After taking a short break back in our home town of Dallas, TX, we started off our second leg of the trip by heading north into Oklahoma to visit COOP Ale Works in Oklahoma City. While there, we spoke with co-founder JD Merryweather about the brewery; he told us that COOP had just celebrated their 5 year anniversary about a week and a half before our visit. To celebrate the occasion, they held an event that included live local music, food trucks, and over 20 beers on tap. We were also informed that the brewery has six year-round flagship beers – F5 IPA, Elevator Wheat, Horny Toad Blonde, Native Amber, Gran Sport Porter, and DNR Belgian-style Dark Ale – but they also do a lot of small batch recipes and firkins. Later on, JD (who is also President of the Oklahoma Craft Brewers Guild) gave us insight into beer and breweries in Oklahoma before we had to head to our next stop!
Our first Arkansas brewery visit back in May (2014) was to Vino’s Brewpub in Little Rock. We met with Josiah Moody who was the head brewer at that point in time, but he has since moved on to his own project as a gypsy brewer under the tag Moody Brews. Josiah informed us about all kinds of cool things Vino’s has done, like hosting live music multiple times a week from local bands as well as bigger acts like Queens of the Stone Age. A cream ale, pale ale, IPA, and stout are the four year-round beers they offer for you to enjoy with their excellent pizza, but they also have specialty releases such as the blood orange saison we tried. The environment at Vino’s is top notch and we highly recommend a trip there next time you’re in Little Rock!

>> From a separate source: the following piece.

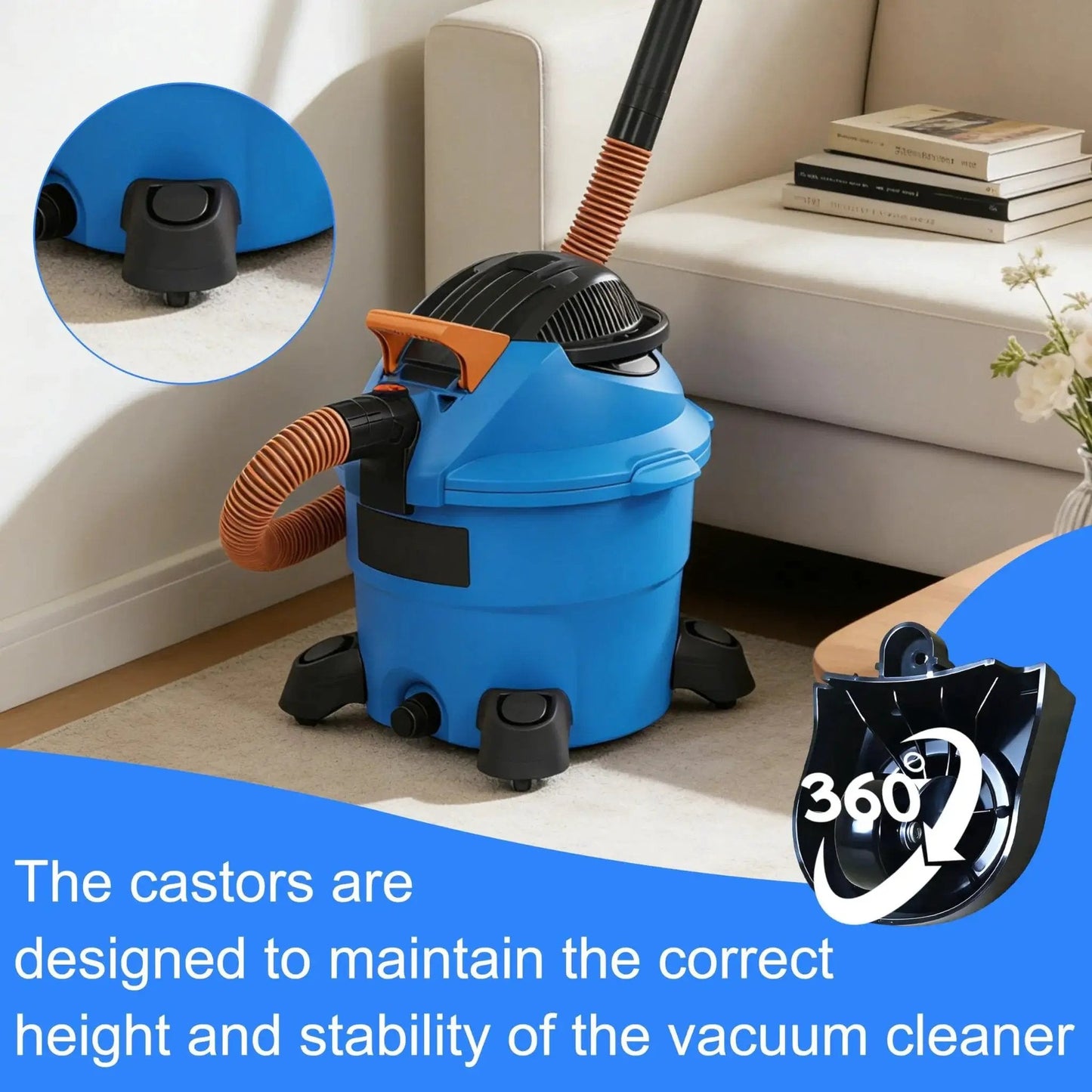 2 Pack Foot Caster And Caster Wheel Kit 12388 And 12293 Compatible With 6 Gallon And 16 Gallon Wet Dry Vacuums Replacement Caster Accessories Durable Plastic Construction With Smooth Rolling Bearings used on a blue wet/dry vacuum in a living room setting.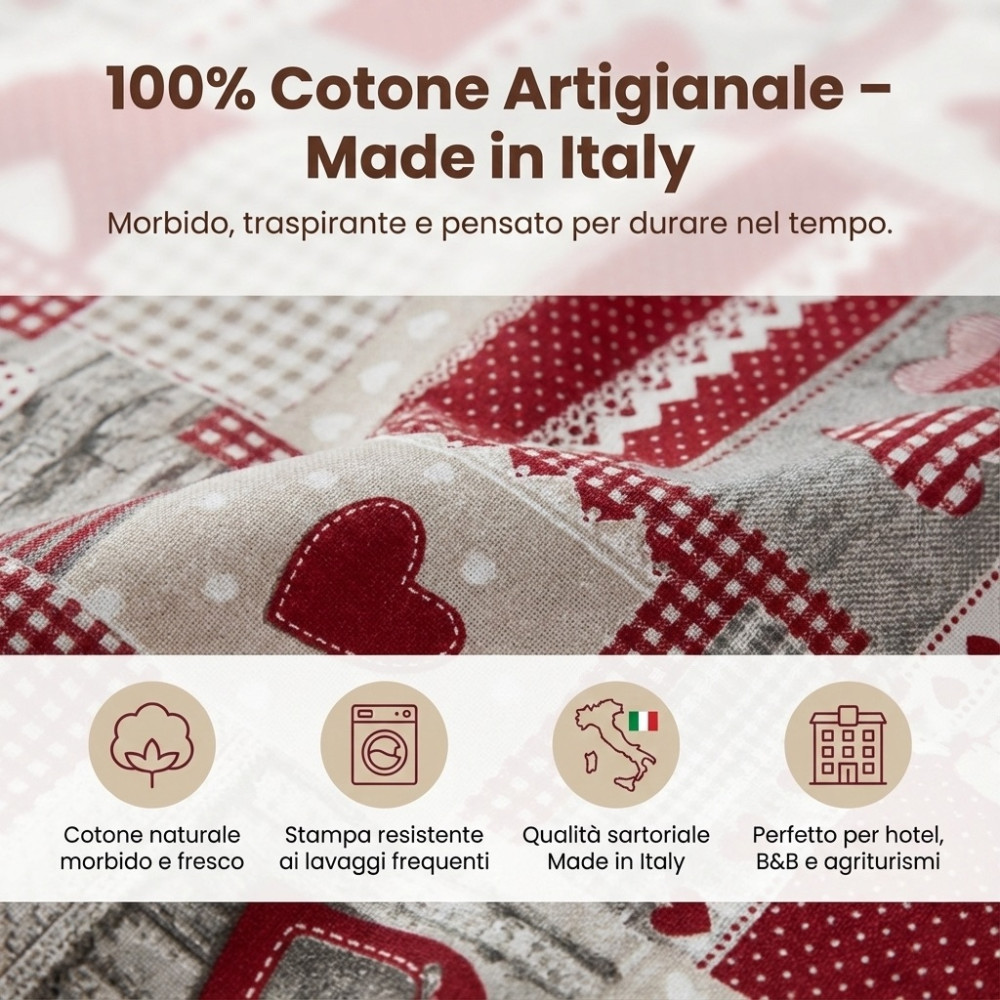 Funda nórdica tirolesa Hearts "Aprica" Burdeos – 100% algodón hecho a mano Made in Italy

After spending time in Nashville, we made our way down to Memphis in order to visit with the owners of Wiseacre, brothers Kellan and Davin Bartosch. They were not open to the public that day, so we spent some time chatting with them about their brewery and their different beers. Following that, Davin walked us around the facility and told us all about his previous experiences with brewing (including stints at the Siebel Institute of Technology in Chicago, IL & Doemen’s Academy in Munich, Germany) as well as the current methods he uses at Wiseacre. The brewery has amazing artwork on the walls and keeps things fun by hosting activities like karaoke, foosball, and an Oktoberfest. Their beer can only be found in Memphis currently, so if you want to pick up some cans, bottles, or growlers, you’ll need to visit the area to do so (and we recommend you do). Ananda IPA and Tiny Bomb American Pilsner are the two staples that can be found year-round, but they offer a ton of other specialty beers throughout the year that you won’t want to miss out on!
After leaving Jackalope Brewing Company in Nashville, TN, we drove a whole quarter of a mile down the road to meet with the people of Yazoo. Neil McCormick, who is their Sales and Marketing Manager, spent a significant amount of time with us showing off the brewery and going into detail about what makes Yazoo unique. Afterwards, he even acted as our tour guide of the city which made our time there about 10-fold better than most other places we have been. Below we go into detail about all of the events they hold (like Embrace the Funk and an adult-sized big wheel competition), the past, present, and future state of their business, beers, and much more. We cannot thank everyone at Yazoo enough for such a great time and hope to come back soon!
As we neared the end of our fourth month on the road, we made the trek from Louisville, KY down to Nashville, TN and met with the owners and staff of Jackalope Brewing Company on a hot Tuesday afternoon. We spent some time talking to them about their business, indulged in some of their brews including Thunder Ann American Pale Ale fresh off the canning line, and then they let us have some of the pizza they had ordered! Jackalope was the first all-female owned brewery in Tennessee and Robyn Virball & Bailey Spaulding have done some amazing things with their business, with the help of Steve Wright who was brought on as a third owner. This brewery was also the first one to use cans in Nashville, comes out with new rotators every 6 weeks or so, holds multiple events throughout the year (including an anniversary celebration and a Bruce Springsteen-focused festival), and also shares their building with a coffee shop. Under the slogan ‘Drink Legendary’ they have been able to brew a plethora of unique beer options for you to enjoy, so be sure to drop in and say hi when you’re in town checking out the capital of Tennessee – America at its best.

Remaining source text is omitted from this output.